Hollmann, M., Engelmann, J., and G. von der Emde. 2008. “Distribution, density, and morphology of electroreceptor organs in mormyrid weakly electric fish: anatomical investigations of a receptor mosaic.” Journal of Zoology, 276, 149-158.

 

The electric fish Gnathonemus petersii uses electroreception instead of vision for orientation and foraging presumably due to environmental restrictions on vision (it lives in murky African streams). It does so through a process called electrolocation, during which the fish produces an electrical field around its body using its electric organ (located in the tail) and detects and analyzes distortions in the field caused by surrounding objects using electroreceptor organs distributed across the surface of its body. Both active and passive electrolocation is used in this system. Gn. petersii [sic] has three kinds of electroreceptors: ampullary organs (which detect low-frequency electric fields, and which are used passively), ‘Knollenorgans’ (which respond to high frequencies and which are used when communicating with conspecifics), and mormyromasts (which respond to the fish’s own electric organ discharges [EODs] and changes to the fish’s electric field caused by nearby objects; used for active electrolocation). The mormyromasts are the most abundant type found in Gn. petersii.

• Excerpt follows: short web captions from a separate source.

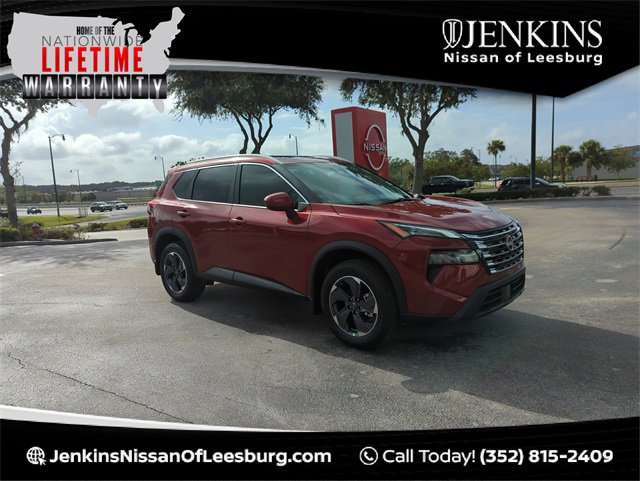 New 2026 Nissan Rogue SV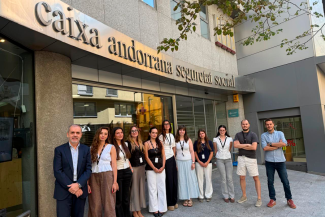 La CASS incorpora deu joves en el marc del programa d'eventuals d'estiu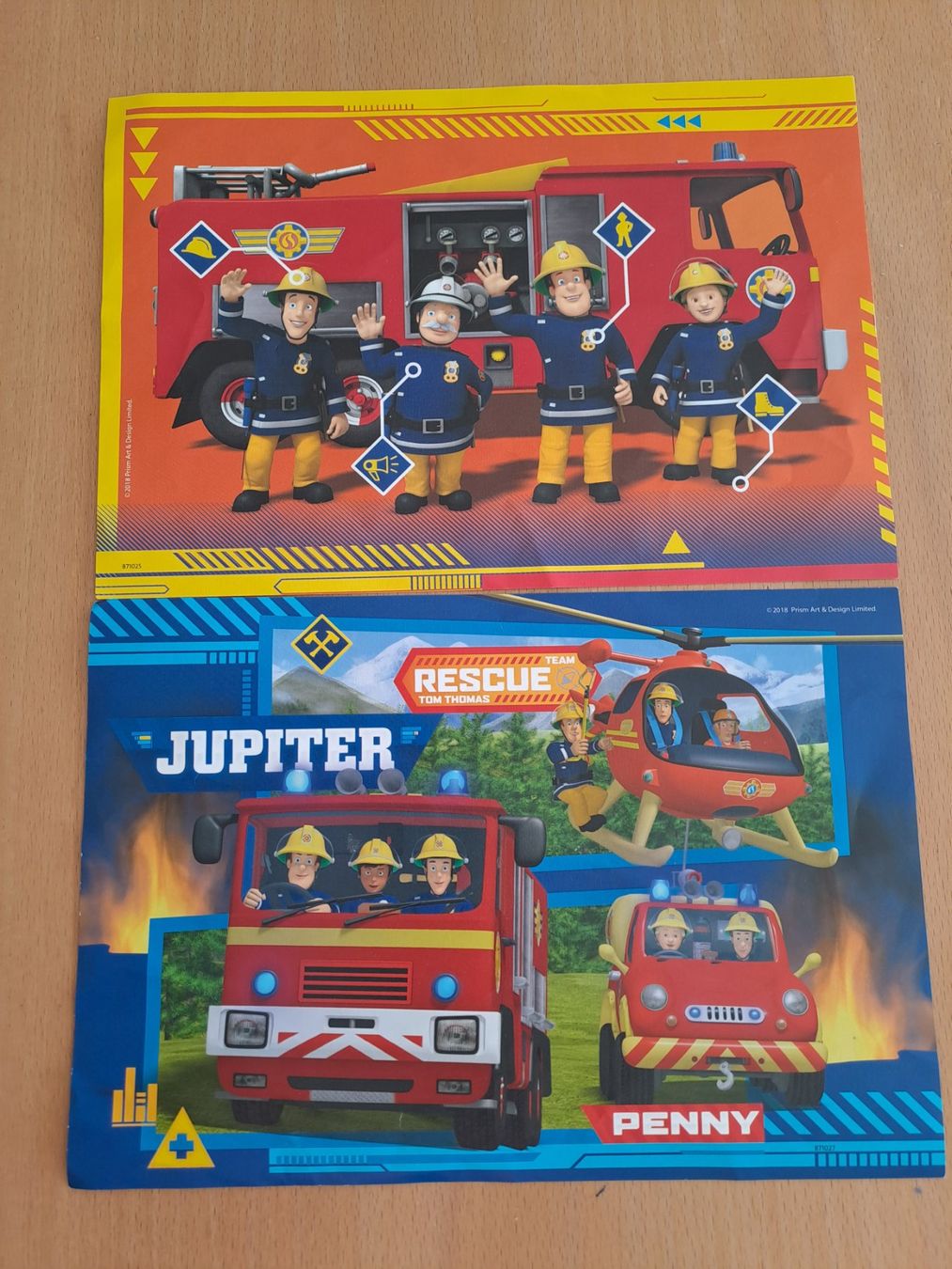Ravensburger Puzzle: 2 Puzzles mit je 24 Teilen "Feuerwehrmann Sam" – Usato da Untersiggenthal venduto da Zehni8 1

Previously it had been proposed that this species possessed two ‘electrosensory foveae,’ one of which was at the chin area (called the ‘Schnauzenorgan’) and the other of which was between the mouth and nares (called the ‘nasal region’). It was known that these two regions had high electroreceptor densities and were overrepresented in the brain. The authors were interested in illuminating the spatial patterns of mormyromast distribution across the bodies of five different species of mormyrids. They used 22 specimens of Gn. petersii and one specimen each of four other species. Using electron microscopy, the researchers counted the number of mormyromast pores on the Schnauzenorgan, the nasal region, and the back, and measured their inner and outer diameters.

They found that the Schnauzenorgan of Gn. petersii was significantly more mormyromast-dense than other regions, possessing up to 65 receptors per square millimeter at the tip (which also contained many ampullary organs and Knollenorgans). The dorsal side of the Schnauzenorgan had significantly more mormyromasts than the other three sides, which did not differ significantly from each other. They also found that the nasal region was rich in mormyromasts as well, but did not have as many on average (4.6 per square millimeter). The density of these receptors decreased with distance from these two regions, and total number of mormyromasts did not vary much between individuals despite size differences (resulting in decreasing density as body length increases). Though other species had differing numbers of mormyromasts, the spatial distribution of them across their bodies followed the general pattern observed in Gn. petersii.

Additionally, the researchers found that the outer diameters of the mormyromasts on the dorsal side of the fish were significantly wider than those at the Schnauzenorgan, but did not differ significantly nasal region mormyromasts. The inner diameters were also wider on the dorsal side of the fish compared to other regions (with the exception of the lateral sides of the head, where inner pore diameter did not significantly differ from that of the dorsal pores). The authors found a highly significant correlation between outer and inner diameters of the mormyromast pores.

The authors suggest that one cause for the difference in mormyrmast diameters (increasing diameter towards the back of the fish, though density decreases) is increased sensitivity (as a size effect: larger inner and outer diameters correspond to larger-diameter canals and total size of the organ, respectively). The larger overall organs on the dorsal side of the fish may be more sensitive (increased number of receptor cells) than those at the Schnauzenorgan. The authors conclude that their results are in concordance with the hypothesis that two electrical foveae are present in Gn. petersii, one at the Schauzenorgan and one in the nasal region. However, they could not claim that these two foveae were really discrete, as the density of receptor organs decreases continuously from the anterior to posterior end of the fish. They do suggest that, because the Schnauzenorgan is moved from side to side and over objects during foraging or exploration, while the nasal region is held “at a fixed angle while the fish is swimming,” it may be possible that the Schnauzenorgan and nasal region are functionally distinct. They go on to hypothesize that the Schnauzen organ is a fovea for near-field prey detection/identification “equipped with a focusing mechanism (funneling of current and movement of the chin),” while the nasal region is for long-range detection of objects.

This study’s findings are in agreement with information presented in class about weakly electric fish: the high frequencies of the fields they use for electrolocation and communication, the concentration of electroreceptors at the head region, and the use of spatially differing electric field disturbances across the surface of the body to “map” images. Additionally, this study suggests that decreasing mormyrmast density from the anterior to posterior end of the fish is accompanied by increasing sensitivity of each mormyrast in the same direction, the significance of which is not yet clear.